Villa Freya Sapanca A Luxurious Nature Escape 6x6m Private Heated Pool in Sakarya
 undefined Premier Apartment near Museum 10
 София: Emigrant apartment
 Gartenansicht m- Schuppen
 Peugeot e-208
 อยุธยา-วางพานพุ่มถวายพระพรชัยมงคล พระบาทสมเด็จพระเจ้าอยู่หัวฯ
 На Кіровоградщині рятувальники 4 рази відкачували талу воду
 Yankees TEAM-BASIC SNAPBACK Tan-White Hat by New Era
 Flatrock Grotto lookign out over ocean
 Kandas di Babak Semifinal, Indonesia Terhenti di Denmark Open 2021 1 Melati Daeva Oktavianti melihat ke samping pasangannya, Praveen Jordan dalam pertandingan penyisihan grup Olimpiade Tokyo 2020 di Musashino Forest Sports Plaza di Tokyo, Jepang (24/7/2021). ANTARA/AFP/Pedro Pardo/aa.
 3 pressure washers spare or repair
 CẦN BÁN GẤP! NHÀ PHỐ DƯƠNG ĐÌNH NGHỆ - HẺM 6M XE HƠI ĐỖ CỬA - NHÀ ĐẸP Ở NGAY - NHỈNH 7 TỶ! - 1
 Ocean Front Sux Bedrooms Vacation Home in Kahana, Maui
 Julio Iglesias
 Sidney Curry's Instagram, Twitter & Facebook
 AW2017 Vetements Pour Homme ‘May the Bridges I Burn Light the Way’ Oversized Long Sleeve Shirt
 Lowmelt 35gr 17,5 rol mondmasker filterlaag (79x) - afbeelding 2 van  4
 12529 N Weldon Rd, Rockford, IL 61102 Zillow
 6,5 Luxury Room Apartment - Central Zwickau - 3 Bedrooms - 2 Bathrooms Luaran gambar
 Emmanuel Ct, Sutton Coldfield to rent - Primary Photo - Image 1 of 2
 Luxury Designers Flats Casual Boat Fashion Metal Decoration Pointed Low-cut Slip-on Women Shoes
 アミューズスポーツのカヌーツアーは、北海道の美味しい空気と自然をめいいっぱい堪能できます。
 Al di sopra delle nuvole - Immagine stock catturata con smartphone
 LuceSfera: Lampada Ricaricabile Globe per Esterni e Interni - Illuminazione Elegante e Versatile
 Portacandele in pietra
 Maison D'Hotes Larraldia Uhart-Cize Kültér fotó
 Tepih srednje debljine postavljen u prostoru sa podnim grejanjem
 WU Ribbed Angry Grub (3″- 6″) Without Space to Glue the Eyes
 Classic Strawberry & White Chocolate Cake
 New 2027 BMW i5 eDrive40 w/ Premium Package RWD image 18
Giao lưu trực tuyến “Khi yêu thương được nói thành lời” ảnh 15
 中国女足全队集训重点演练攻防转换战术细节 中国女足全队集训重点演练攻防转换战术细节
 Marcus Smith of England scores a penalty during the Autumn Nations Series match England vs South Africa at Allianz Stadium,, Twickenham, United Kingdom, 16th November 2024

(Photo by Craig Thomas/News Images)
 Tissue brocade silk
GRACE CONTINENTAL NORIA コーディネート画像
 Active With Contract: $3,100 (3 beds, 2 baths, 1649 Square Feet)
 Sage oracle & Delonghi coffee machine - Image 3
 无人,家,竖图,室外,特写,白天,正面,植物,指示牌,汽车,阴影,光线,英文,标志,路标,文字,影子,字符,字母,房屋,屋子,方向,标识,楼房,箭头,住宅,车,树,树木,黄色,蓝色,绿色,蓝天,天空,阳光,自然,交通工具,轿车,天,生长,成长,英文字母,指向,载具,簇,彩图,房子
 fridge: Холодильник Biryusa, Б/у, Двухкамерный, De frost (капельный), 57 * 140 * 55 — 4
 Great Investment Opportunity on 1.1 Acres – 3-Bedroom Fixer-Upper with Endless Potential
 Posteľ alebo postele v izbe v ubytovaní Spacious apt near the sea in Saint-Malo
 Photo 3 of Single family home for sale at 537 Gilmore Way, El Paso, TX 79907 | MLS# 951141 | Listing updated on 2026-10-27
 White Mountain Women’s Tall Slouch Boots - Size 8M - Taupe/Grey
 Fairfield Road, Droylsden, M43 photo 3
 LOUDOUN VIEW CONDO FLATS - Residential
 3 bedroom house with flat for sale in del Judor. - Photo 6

+++++

◆ **What is expected**
Go through the material and copy each line that contains "Bedrooms".

◆ **Exercise response**
 Ocean Front Sux Bedrooms Vacation Home in Kahana, Maui
 6,5 Luxury Room Apartment - Central Zwickau - 3 Bedrooms - 2 Bathrooms Luaran gambar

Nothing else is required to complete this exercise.